RequestId:f08a1473-301e-006a-4423-837a27000000
* Closing connection 0
* TLSv1.2 (OUT), TLS alert, close notify (256):
Time:2020-09-05T01:24:35.7712576Z</Message><MaxLimit>268435456</MaxLimit></Error>%
After that tried uploading it using PageBlob (I saw in the documentation something like size can be up to 8 TiB)
$ curl -X PUT -H 'Content-Type: multipart/form-data' -H 'x-ms-date: 2020-09-04' -H 'x-ms-blob-type: PageBlob' -H 'x-ms-blob-content-length: 1099511627776' -F [email protected] https://ACCOUNT.blob.core.windows.net/CONTAINER/10gb.csv\?ss\=bfqt\&sig\=... -v
< HTTP/1.1 400 The value for one of the HTTP headers is not in the correct format.
< Content-Length: 331
< Content-Type: application/xml
< Server: Windows-Azure-Blob/1.0 Microsoft-HTTPAPI/2.0
< x-ms-request-id: b00d5c32-101e-0052-3125-83dee7000000
< x-ms-version: 2019-02-02
< x-ms-error-code: InvalidHeaderValue
< Date: Sat, 05 Sep 2020 01:42:24 GMT
* HTTP error before end of send, stop sending
<
<?xml version="1.0" encoding="utf-8"?><Error><Code>InvalidHeaderValue</Code><Message>The value for one of the HTTP headers is not in the correct format.

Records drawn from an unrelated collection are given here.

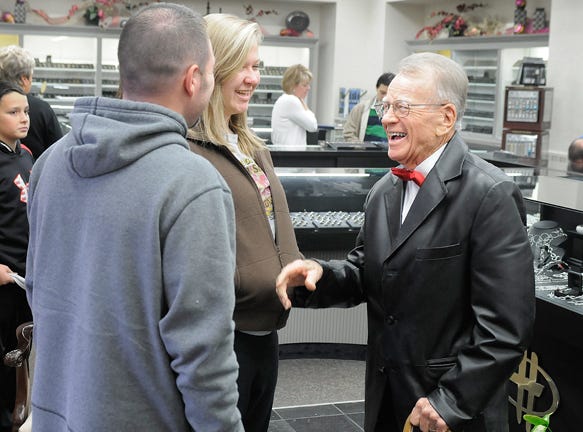 Customer greeter Harry Hartley (right) laughs with Lacey Grubbs (center) and Kolan Smith as they arrive at Hayes Jewelers to shop for jewelry Wednesday morning.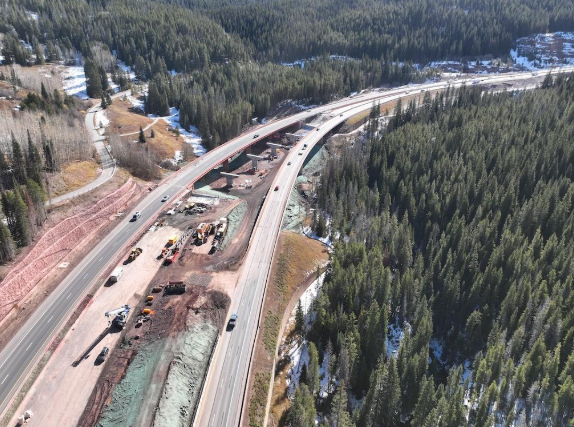 Aerial view looking east over the I-70 bridges at Mile Point 185. The westbound bridge is seen on the left with the foundation, columns and piers for the future eastbound bridge immediately beside it.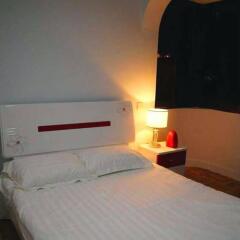 Отель Gulangyu Lianhe Apartment Hotel - Xiamen Китай, Сямынь - отзывы, цены и фото номеров - забронировать отель Gulangyu Lianhe Apartment Hotel - Xiamen онлайн комната для гостей фото 3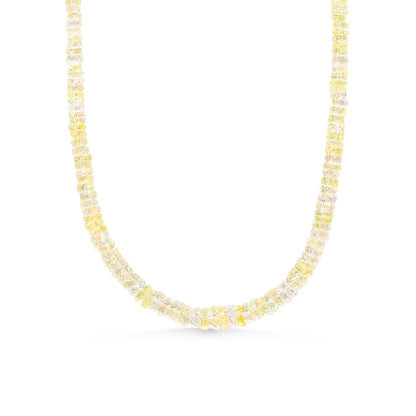 Yellow sapphire necklace with a gold chain from Earthly Abundance, featuring a vibrant yellow gemstone pendant.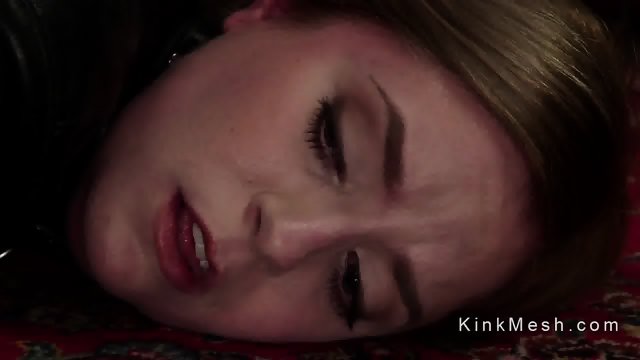 Chained lesbian sub gets anal strap on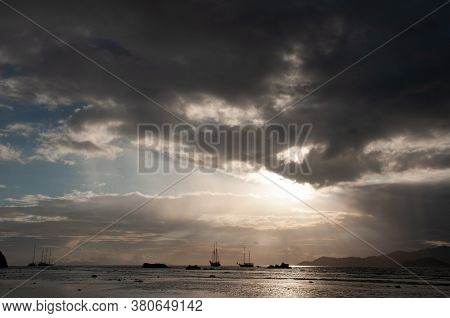 Dramatic Sky With Clouds And Sunbeam Over The Indian Ocean With Sailing Boat During Sunset.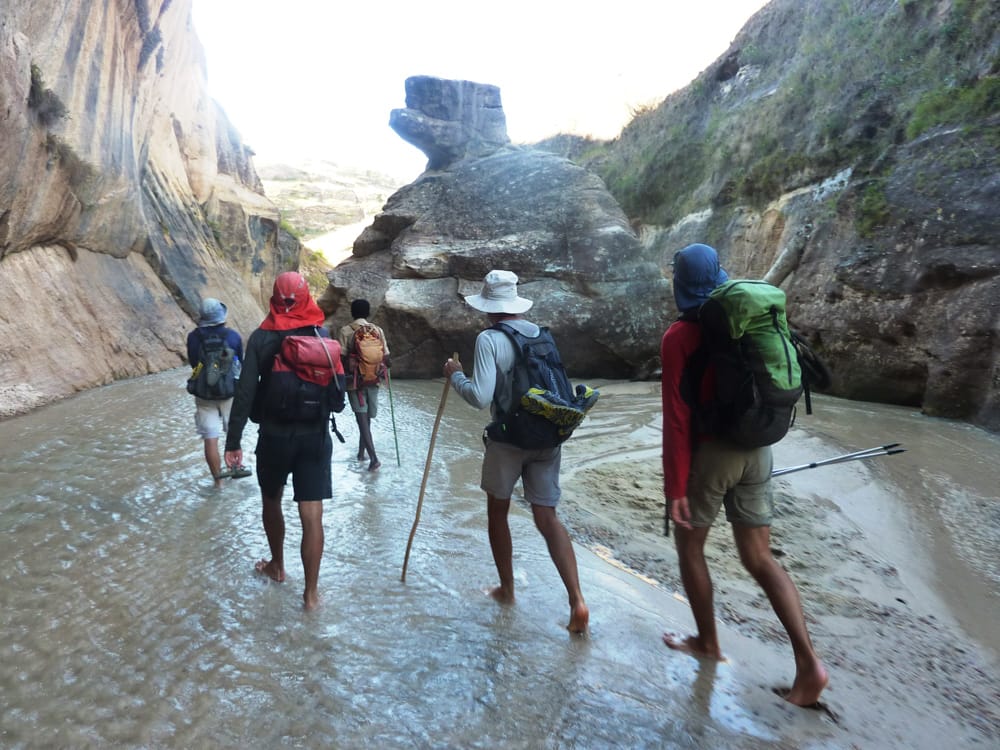 Hikers with rucksacks walking barefoot through a shallow river at the bottom of a canyon in the Makay.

RequestId:b00d5c32-101e-0052-3125-83dee7000000
* Closing connection 0
* TLSv1.2 (OUT), TLS alert, close notify (256):
Time:2020-09-05T01:42:24.5137237Z</Message><HeaderName>Content-Length</HeaderName><HeaderValue>10114368132</HeaderValue></Error>%
Not sure what is the proper way to go about uploading such large file?
Why is this not a Bug or a feature Request?

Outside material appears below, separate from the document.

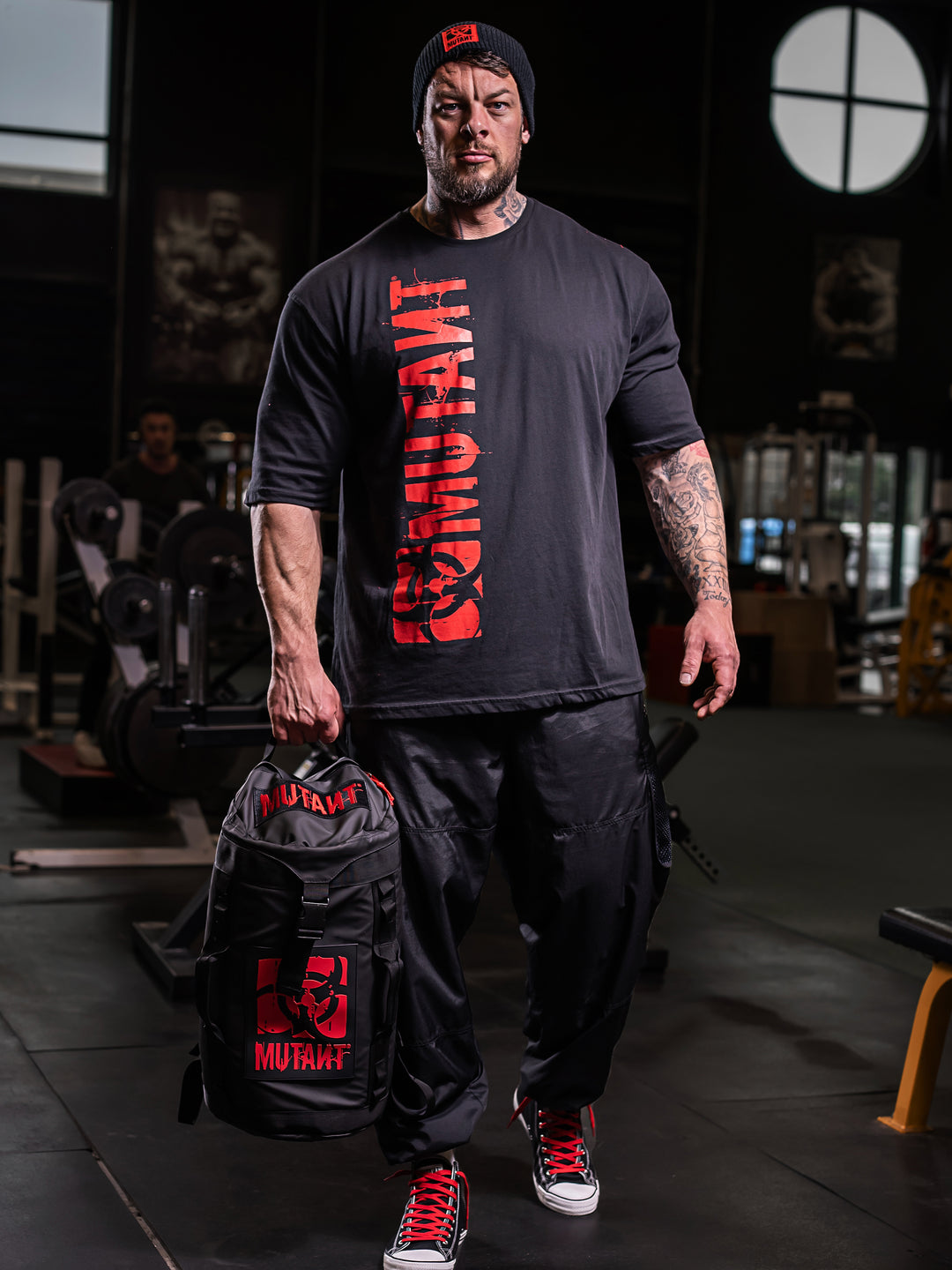Jamie Christian, the MUTANT GIANT, at the gym holding the top strap of the black Military Top Load Duffel Backpack with a red 'MUTANT' logo.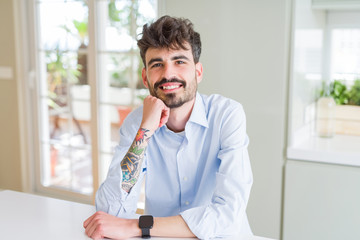 Wall Mural - Handsome young man smiling cheerful at the camera with a big smile on face showing teeth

A clear explanation of why is this not a bug or a feature request? just looking for recommendations to upload large files.
Setup (please complete the following information if applicable):
lazy val azureLibs = Seq(
"com.azure" % "azure-storage-blob" % "12.7.0",
"com.microsoft.azure" % "azure-storage" % "8.6.5"
)
Information Checklist
Kindly make sure that you have added all the following information above and checkoff the required fields otherwise we will treat the issuer as an incomplete report
Hi @dzlab,
The reason your second request is failing is because a PUT request for Page Blobs only creates a 0 length Page Blob and the content length must be set to 0 (I've pasted some information from the Put Blob link you provided).
Content-Length | Required. The length of the request.For a page blob or an append blob, the value of this header must be set to zero, as聽Put Blob聽is used only to initialize the blob. To write content to an existing page blob, call聽Put Page. To write content to an append blob, call聽Append Block.
To actually upload data to a page blob, the rest endpoint to hit would be the one specified here after creating the page blob with this api here.
Just out of curiosity, is there a reason you are issuing requests directly to the REST endpoint instead of using an SDK?
@gapra-msft thanks for the clarification.
I'm actually experimenting with whatever option is available for uploading large files.
I first tried with multi-part requests and having every chunk as a bloc and at the end committing the blocks to form a final blob using CloudBlockBlob.uploadBlock but that was slow I guess I would need to bufferize the chunks.
Then I found the SAS token approach, I'm just testing with curl but I guess eventually I will end up using the js SDK on the client side to do the upload.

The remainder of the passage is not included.